7 Things I’ve Learnt After Living 7 Months in Chiang Mai

1. I’ve found the most annoying and irritating sound in the world.

I’m somewhat asleep and I’m woken by the high pitched fly-by buzz past my ear of the much hated mosquito. This has caused me to slap my head a bit too hard on more than one occasion in the hope of getting that little blighter. Worse still I’ll then be fully woken with numerous itches and have to get up in a quest to hunt down that bugger till it’s dead.

2. I find riding a Scooter quite pleasant – despite all the warnings otherwise.

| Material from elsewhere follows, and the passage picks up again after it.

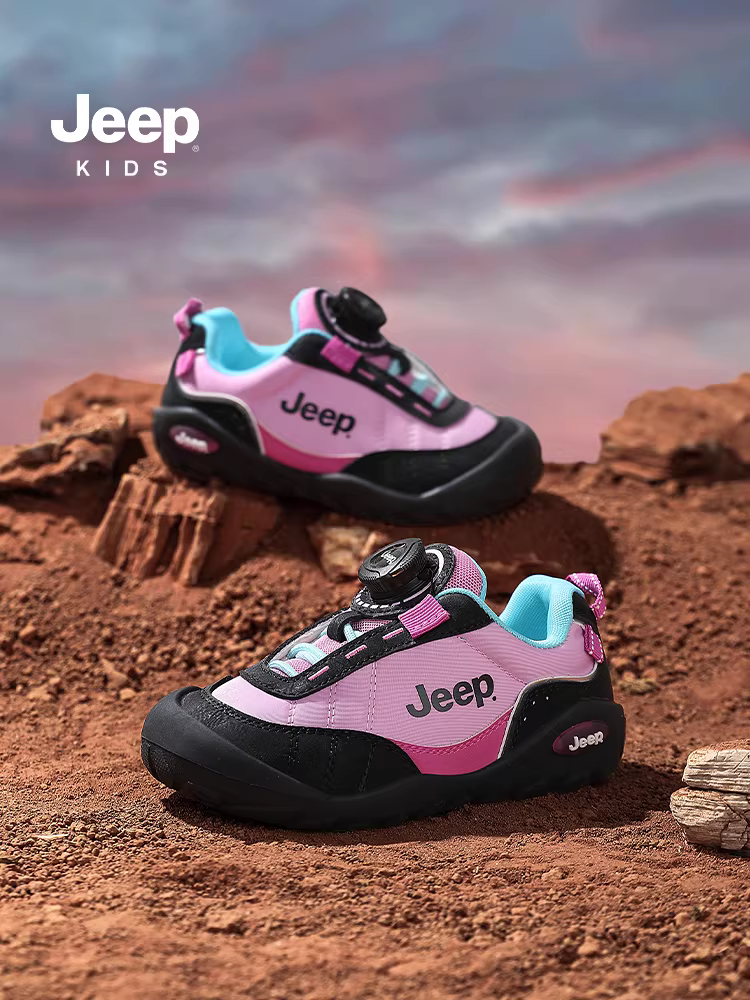 Giày trẻ em kiểu Jeep có khóa cài, mặt da, kiểu dáng thường ngày mùa thu 2025 mẫu mới, giày thể thao đế mềm cho bé.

Apart from a half day basic training course I took a week or so before coming to Thailand I’ve never driven a Scooter before. I’m so glad I did, as it took some slow shaky learning and a minor fall on some quite streets in the UK before being unleashed with a hire bike in Thailand, even then I had a couple of cautious hours until I got the swing of things.

But I have one huge advantage to most other tourists in that I’ve driven hundreds of thousands of miles in UK which also drives on the left, my years of carefully honed spatial awareness has certainly helped when I’m one of 40-50 bikes around a few cars at lights all turning right but like a flock of birds we all seem to keep just far enough apart and speed off to leave the cars in our collective dust (there’s a lot of dust here as well!)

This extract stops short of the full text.